Bugün, belediyecilik yapılmak isteyenler dahi temel fikirlerini dokuz ay başkanlık yaptığı dönemde ki çalışmalarıdır.
Günümüzde hep örnek alınan yerel yönetim işleyişi söyledikleri ile pratiğin birlikteliğin bütünlüğün sonucu olsa gerek. Buradan değer kazanmakta.
Fikri Sönmez’den geriye kalan bu başarı öyküsünün en çarpıcı özelliklerinden en önemlisi farklı fikirleri savunan Fatsalıları bir araya getirmesi olmuştur. İslamcısını, Kemalist’ini, Sosyalistini vb. fikirlere sahip olan toplumu sokakta birleştirmiştir. İşte başarının sırı da tamda burada yatmaktadır.

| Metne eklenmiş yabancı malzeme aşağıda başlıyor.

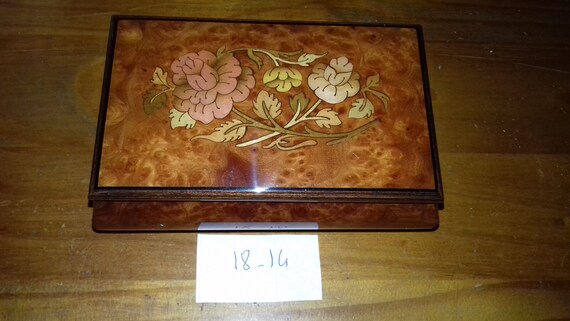 REUGE Music Box - ROMANCE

Şurada kısa ve somut bir örnek verecek olursam; Yoksul Fatsa halkını bir araya getirerek, fındık üretiminde yaşanan sömürüden kurtulmalarının çözümünü ve benzer sorunlarını halkla ortak çözüm ve mücadelesinin bulmaya çalışmasıdır. Bu çalışma bugün dahi halen bölge halkın hafızalarda diri durmaktadır.
Yolum Fatsa’ya düşmüşken, yerel halkla sohbet etmenin keyfini çıkarmaya çalıştım.
Terzi Fikri dersem ne söylersiniz?
Suallerine, TERZİ Fikri ve devrimcilerin yaptıkları halan hafızalarda kalmaları beni şaşırtmıştı. “…başkaydı bizim için…” ortak fikirlerdi. Belli ki, sosyalistlerin o dönem yarattığı izleri halk özlüyordu.
Geçmişteki sorunların çözümü ile günümüz arasındaki çözümleri karşılaştırdıklarında hayıflandıklarına tanıklık ettim.
Çevre talanını, fındık üretiminde yaşanan sorunlar; fındığa dadanan kokarcanın üreticiye ne kadar zarara uğrattığı ve hükümet ve yereldeki yetkillerin nasıl seyirci kaldıklarını anlatıyorlar…
Karadeniz bölgesinde sorun haline geldiğini, birçok HES projesinin olduğunu, bunun yanında taş ocakları ve altın, maden arama çalışmaları hızla devam ediyor…
Doğa kirletilmesi ve zehirlenmesi hızla kar amaçlı şirketlere peşkeş çekildiğini ifade ediyorlar.
En önemlisi ise sohbet ettiğim herkes şöyle ifade etti;
“… Belediyemiz de şirket gibi yönetiliyor…”
Bende geçmişin ayak izlerinin peşine düştüm. Yolları kaldırımları adımlarken aklımdan devrimcilerin o dönem yarattığı ve verdiği mücadelenin ayak izlerin peşinden giderek Terzi Fikri’yi mezarında ziyaret ettim. Dersim Munzur’dan su ve Munzur’un kızıllığından selam götürdüm.
Terzi Fikri’ye hürmet dolu duygularımı, onun ebedi yattığı yere bıraktım.
Ölümcül bir dünyada sadece iz bırakanlar kalır geride…
Bundandır ki; Terzi Fikri Ölümsüzdür.